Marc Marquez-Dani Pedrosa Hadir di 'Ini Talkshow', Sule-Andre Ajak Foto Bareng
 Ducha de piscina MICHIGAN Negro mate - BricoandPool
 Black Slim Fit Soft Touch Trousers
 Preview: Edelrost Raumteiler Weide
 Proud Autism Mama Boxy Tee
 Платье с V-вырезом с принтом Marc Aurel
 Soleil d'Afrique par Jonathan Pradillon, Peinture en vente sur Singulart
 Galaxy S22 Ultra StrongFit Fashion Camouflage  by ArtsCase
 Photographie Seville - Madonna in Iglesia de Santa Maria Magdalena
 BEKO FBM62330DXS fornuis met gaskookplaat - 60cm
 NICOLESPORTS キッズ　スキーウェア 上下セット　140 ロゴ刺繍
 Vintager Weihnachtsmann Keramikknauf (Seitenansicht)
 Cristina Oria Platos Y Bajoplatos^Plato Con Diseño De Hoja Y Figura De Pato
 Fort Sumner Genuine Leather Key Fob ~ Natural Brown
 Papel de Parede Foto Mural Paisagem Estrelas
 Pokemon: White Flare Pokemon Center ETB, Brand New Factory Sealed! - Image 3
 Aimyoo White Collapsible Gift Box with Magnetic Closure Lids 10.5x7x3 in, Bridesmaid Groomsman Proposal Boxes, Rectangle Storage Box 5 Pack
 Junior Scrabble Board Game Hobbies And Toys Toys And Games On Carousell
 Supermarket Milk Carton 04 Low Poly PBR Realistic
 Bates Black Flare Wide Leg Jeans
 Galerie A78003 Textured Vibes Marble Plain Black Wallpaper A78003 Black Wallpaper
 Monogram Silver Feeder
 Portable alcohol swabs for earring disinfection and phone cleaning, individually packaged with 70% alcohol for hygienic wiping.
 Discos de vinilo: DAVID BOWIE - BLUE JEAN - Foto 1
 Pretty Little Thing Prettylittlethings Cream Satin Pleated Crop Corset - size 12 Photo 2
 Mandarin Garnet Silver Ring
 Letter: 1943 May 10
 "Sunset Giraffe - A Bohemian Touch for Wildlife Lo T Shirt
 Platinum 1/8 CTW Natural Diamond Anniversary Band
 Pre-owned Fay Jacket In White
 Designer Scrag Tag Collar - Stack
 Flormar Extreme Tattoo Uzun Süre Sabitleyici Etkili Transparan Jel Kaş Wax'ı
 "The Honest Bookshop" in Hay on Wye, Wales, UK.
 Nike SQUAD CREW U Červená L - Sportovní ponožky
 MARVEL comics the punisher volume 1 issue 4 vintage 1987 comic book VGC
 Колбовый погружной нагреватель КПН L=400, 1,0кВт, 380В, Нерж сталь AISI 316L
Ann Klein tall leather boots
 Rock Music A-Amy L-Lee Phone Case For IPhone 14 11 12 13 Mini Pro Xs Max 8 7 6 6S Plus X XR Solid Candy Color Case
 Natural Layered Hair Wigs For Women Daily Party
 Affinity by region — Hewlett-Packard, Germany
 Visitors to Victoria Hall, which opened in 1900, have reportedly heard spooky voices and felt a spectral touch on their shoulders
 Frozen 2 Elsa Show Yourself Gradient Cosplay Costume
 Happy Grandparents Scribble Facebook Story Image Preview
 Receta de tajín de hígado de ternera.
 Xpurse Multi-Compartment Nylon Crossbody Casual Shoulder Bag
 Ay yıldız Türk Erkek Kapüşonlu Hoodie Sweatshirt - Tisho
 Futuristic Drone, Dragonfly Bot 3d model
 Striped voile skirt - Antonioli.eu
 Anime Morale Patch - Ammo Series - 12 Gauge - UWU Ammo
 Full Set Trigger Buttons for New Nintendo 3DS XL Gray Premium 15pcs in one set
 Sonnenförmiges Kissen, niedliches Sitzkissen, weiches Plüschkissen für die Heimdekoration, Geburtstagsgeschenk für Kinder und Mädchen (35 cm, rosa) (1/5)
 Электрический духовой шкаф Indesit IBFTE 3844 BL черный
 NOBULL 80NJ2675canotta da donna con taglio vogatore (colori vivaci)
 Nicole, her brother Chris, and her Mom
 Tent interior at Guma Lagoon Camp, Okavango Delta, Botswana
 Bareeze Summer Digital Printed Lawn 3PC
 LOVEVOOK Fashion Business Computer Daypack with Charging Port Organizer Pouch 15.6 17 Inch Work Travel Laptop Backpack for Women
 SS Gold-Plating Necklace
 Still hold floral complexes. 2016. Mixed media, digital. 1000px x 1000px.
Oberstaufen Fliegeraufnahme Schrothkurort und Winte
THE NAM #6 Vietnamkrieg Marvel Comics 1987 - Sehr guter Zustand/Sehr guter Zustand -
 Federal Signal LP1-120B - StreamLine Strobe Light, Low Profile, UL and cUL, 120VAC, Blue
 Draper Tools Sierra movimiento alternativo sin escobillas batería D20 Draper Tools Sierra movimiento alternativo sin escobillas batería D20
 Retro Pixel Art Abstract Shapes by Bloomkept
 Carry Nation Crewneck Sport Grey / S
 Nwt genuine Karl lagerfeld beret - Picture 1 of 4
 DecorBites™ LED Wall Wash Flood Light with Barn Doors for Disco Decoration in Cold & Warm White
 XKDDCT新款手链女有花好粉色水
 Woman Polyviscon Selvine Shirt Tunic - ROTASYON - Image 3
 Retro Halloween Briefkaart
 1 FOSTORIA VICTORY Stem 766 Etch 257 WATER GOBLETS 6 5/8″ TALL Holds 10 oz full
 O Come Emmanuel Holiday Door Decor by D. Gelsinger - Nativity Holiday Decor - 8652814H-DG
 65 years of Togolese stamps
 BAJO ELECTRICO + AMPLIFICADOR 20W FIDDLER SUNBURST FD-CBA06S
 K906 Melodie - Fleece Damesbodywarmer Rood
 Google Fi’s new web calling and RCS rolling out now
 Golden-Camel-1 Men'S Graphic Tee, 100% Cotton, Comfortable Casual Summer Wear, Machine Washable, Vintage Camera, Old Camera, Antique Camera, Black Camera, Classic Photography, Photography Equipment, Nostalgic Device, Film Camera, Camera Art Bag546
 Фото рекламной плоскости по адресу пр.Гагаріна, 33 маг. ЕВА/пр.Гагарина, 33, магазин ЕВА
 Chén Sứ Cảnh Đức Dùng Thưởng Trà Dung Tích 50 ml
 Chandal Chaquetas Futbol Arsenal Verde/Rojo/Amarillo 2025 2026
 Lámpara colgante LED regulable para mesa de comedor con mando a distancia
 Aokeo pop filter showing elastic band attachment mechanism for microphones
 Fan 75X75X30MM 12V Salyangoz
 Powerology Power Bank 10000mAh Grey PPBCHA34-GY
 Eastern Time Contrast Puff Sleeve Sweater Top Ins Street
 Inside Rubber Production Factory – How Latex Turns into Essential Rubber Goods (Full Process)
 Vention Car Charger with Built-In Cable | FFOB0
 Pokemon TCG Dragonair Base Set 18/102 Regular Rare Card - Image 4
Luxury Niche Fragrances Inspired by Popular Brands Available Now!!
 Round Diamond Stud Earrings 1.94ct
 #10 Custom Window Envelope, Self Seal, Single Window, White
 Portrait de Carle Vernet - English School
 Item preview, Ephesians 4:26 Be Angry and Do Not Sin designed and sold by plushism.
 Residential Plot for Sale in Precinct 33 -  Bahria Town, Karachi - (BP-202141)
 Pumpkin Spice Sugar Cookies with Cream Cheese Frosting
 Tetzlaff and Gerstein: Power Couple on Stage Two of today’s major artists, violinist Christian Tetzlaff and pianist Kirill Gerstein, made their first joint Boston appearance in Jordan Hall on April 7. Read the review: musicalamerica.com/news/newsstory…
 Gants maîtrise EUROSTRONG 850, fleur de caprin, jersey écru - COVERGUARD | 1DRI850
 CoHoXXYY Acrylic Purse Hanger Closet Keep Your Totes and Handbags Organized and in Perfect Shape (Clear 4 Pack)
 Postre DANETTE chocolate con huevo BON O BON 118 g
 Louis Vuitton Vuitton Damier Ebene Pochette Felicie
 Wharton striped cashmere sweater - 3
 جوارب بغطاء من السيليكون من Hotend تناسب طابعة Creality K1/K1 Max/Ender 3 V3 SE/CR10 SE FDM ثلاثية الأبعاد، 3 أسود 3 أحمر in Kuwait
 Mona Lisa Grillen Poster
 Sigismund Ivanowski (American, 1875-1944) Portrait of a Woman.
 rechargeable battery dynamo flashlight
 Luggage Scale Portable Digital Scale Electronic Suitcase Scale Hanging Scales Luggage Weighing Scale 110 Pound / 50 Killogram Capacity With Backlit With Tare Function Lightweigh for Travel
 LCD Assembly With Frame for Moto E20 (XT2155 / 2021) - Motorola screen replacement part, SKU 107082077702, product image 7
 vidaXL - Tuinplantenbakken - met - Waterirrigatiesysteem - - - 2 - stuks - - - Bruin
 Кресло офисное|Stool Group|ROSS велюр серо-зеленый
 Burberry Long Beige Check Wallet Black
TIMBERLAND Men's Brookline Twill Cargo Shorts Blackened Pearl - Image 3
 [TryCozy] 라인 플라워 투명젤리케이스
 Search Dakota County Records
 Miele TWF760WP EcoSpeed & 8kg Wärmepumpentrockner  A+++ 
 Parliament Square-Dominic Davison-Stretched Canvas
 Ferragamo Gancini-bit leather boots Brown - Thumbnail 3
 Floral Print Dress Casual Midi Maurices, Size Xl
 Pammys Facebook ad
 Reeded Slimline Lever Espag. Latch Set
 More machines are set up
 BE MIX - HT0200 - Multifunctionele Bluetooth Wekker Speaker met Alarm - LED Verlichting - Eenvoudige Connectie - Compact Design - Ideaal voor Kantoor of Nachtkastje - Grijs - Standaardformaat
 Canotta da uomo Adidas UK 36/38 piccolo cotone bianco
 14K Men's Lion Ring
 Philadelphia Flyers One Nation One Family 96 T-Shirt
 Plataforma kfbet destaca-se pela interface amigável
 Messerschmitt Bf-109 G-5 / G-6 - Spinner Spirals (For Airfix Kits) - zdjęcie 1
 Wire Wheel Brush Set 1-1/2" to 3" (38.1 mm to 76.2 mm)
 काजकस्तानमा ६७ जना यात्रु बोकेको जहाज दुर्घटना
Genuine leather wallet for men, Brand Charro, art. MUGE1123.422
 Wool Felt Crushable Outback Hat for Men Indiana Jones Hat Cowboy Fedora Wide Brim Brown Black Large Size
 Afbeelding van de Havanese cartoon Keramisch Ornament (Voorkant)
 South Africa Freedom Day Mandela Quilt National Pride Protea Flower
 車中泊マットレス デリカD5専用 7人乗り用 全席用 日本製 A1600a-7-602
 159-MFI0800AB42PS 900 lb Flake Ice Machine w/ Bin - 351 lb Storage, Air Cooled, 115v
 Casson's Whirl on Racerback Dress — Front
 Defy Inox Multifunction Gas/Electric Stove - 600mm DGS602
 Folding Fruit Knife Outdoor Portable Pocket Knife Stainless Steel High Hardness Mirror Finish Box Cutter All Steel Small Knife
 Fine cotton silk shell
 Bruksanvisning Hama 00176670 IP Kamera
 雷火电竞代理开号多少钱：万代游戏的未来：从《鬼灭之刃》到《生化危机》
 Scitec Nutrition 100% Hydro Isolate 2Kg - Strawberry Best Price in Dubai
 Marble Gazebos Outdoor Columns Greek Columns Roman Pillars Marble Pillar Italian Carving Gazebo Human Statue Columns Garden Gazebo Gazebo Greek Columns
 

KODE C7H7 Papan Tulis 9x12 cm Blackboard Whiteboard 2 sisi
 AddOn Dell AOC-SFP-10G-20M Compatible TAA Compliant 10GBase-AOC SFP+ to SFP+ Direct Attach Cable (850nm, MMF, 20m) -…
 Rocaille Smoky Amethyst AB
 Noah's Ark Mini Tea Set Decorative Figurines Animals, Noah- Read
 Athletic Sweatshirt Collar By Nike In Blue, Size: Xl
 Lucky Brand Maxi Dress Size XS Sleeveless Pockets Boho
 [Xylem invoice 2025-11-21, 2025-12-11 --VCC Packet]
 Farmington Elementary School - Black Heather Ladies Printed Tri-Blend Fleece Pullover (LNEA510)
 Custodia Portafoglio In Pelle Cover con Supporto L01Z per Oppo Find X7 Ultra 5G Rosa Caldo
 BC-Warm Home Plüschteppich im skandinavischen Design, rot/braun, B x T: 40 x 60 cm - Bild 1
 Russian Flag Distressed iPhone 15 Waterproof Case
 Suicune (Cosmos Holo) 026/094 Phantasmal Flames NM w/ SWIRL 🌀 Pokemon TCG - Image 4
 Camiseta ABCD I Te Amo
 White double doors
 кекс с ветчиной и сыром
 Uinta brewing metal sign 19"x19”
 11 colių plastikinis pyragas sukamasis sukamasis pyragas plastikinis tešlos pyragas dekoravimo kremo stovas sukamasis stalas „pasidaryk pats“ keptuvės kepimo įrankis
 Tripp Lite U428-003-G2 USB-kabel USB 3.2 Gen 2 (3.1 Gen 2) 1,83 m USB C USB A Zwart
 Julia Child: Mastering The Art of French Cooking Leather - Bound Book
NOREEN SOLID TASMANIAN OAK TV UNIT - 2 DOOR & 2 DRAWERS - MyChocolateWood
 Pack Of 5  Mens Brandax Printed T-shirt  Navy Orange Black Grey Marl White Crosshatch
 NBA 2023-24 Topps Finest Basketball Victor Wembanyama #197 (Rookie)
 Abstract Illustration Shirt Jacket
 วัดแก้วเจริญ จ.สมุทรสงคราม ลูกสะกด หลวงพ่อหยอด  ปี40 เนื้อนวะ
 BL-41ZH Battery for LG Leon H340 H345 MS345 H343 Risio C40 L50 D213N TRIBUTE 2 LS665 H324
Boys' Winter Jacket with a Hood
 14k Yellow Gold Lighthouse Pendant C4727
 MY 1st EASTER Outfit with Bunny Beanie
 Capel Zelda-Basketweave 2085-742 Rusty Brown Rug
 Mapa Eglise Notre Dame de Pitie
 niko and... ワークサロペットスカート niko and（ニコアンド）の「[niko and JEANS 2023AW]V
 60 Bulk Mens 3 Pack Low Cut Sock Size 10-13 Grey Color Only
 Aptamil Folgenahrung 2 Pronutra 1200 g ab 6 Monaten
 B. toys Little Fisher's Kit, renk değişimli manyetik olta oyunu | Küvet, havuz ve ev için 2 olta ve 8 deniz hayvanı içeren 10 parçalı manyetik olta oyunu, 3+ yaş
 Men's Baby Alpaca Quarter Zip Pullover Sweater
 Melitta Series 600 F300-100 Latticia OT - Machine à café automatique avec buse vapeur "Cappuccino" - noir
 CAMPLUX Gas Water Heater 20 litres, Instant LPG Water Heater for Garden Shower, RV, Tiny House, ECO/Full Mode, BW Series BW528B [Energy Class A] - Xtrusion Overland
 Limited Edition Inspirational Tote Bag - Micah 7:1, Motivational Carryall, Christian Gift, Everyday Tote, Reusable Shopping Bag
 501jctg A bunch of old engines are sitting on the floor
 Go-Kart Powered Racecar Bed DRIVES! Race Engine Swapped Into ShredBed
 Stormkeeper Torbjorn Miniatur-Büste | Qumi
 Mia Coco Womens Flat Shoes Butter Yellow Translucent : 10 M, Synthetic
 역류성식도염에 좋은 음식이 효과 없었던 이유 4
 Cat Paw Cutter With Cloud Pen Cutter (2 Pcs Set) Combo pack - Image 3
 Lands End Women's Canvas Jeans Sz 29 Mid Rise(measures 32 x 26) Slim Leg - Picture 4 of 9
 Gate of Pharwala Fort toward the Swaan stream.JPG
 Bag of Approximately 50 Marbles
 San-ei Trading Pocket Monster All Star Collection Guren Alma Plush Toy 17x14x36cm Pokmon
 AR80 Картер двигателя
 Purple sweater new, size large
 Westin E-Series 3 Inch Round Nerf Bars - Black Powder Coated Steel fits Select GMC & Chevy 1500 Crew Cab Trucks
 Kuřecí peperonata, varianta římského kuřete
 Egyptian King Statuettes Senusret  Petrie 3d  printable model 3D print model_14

══════

WORK TO COMPLETE>
In the entries above, find the line with "Papel de Parede Foto Mural Paisagem Estrelas" and the line with "Discos de vinilo: DAVID", then restate word for word both of them and every line between, with nothing more.

OUTPUT BELOW>
 Papel de Parede Foto Mural Paisagem Estrelas
 Pokemon: White Flare Pokemon Center ETB, Brand New Factory Sealed! - Image 3
 Aimyoo White Collapsible Gift Box with Magnetic Closure Lids 10.5x7x3 in, Bridesmaid Groomsman Proposal Boxes, Rectangle Storage Box 5 Pack
 Junior Scrabble Board Game Hobbies And Toys Toys And Games On Carousell
 Supermarket Milk Carton 04 Low Poly PBR Realistic
 Bates Black Flare Wide Leg Jeans
 Galerie A78003 Textured Vibes Marble Plain Black Wallpaper A78003 Black Wallpaper
 Monogram Silver Feeder
 Portable alcohol swabs for earring disinfection and phone cleaning, individually packaged with 70% alcohol for hygienic wiping.
 Discos de vinilo: DAVID BOWIE - BLUE JEAN - Foto 1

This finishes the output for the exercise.